OPERATOR: Thank you, sir. Today's question and answer session will be conducted electronically. If you'd like to signal to ask a question, please press the star key followed by the digit one on your touch-tone telephone. Once again, that is star one for questions. And we'll pause for just a moment so everyone has a chance to signal. Our first question comes from Jeff Martin with Roth Capital Partners.

JEFF MARTIN: Thank you. Good morning, Craig, Clifton and Gordon. How are you? Question on the accounts receivable. You had a $3.3 million increase, according to my calculation, from fourth quarter to first quarter. Could you give us a little detail on that and what the composition of the accounts receivable is?

CRAIG NOUIS: Yes. There's actually a good reason for the increase. You know, the end of this current quarter obviously includes the week after Christmas, from December 26th through December 31st. And that is our busiest week of the year. So, first of all, it was driven by an increased level of play on our stations at the end of the quarter. In addition to that, the – most of the tribes' accounting departments closed during that period, and we weren't collecting our receivables during that period, so they were building. But when I checked the receivable balance and the composition of that balance, just the other day, it was back to normal levels, which is about $5 or $6 million.

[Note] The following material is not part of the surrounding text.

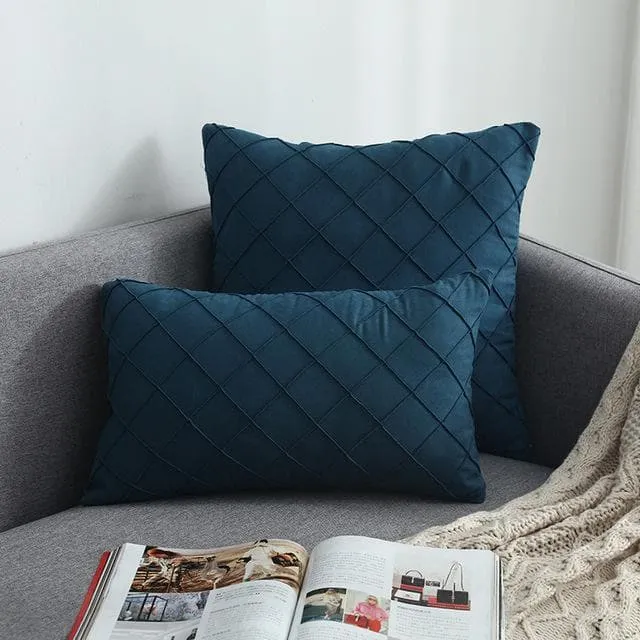 Housse de Coussin Suédine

JEFF MARTIN: OK. Great. And then, on the New York video lottery system rollout, do you have a better handle today on how much of that $14.5 million or so that you'll be able to capitalize?

CRAIG NOUIS: That is still our current estimate.

JEFF MARTIN: You'll be able to capitalize all of it? Or how much will flow through the P&L?

CRAIG NOUIS: Well, we will be capitalizing all of the hardware costs, the equipment costs. And in terms of the software costs, we will be capitalizing, you know, once we documented the development and determined the feasibility, we began capitalizing the software costs, which is the direct labor costs. And so, all of that will be capitalized in addition to the equipment costs.

JEFF MARTIN: OK. And then one more question on your share repurchase. What is your outlook on that? You've got a sizable, you know, allocation. Have you taken any more aggressive stances on looking at (repurchasing) shares?

CLIFTON LIND: The board has currently in place approval for Gordon, Craig and me to buy back stock at our discretion. We have not currently, to this date, chosen to buy any back in the recent past, but that's an option that's open to us.

JEFF MARTIN: OK. Great. Thank you, guys.

CLIFTON LIND: Thank you.

OPERATOR: We'll take our next question from David Bain with Seidler Company.

DAVID BAIN: Hi, guys. Good quarter. For a while now we've used the 600 a quarter [EPS] install target. Now we've broken into California, are we still using that same 600 target?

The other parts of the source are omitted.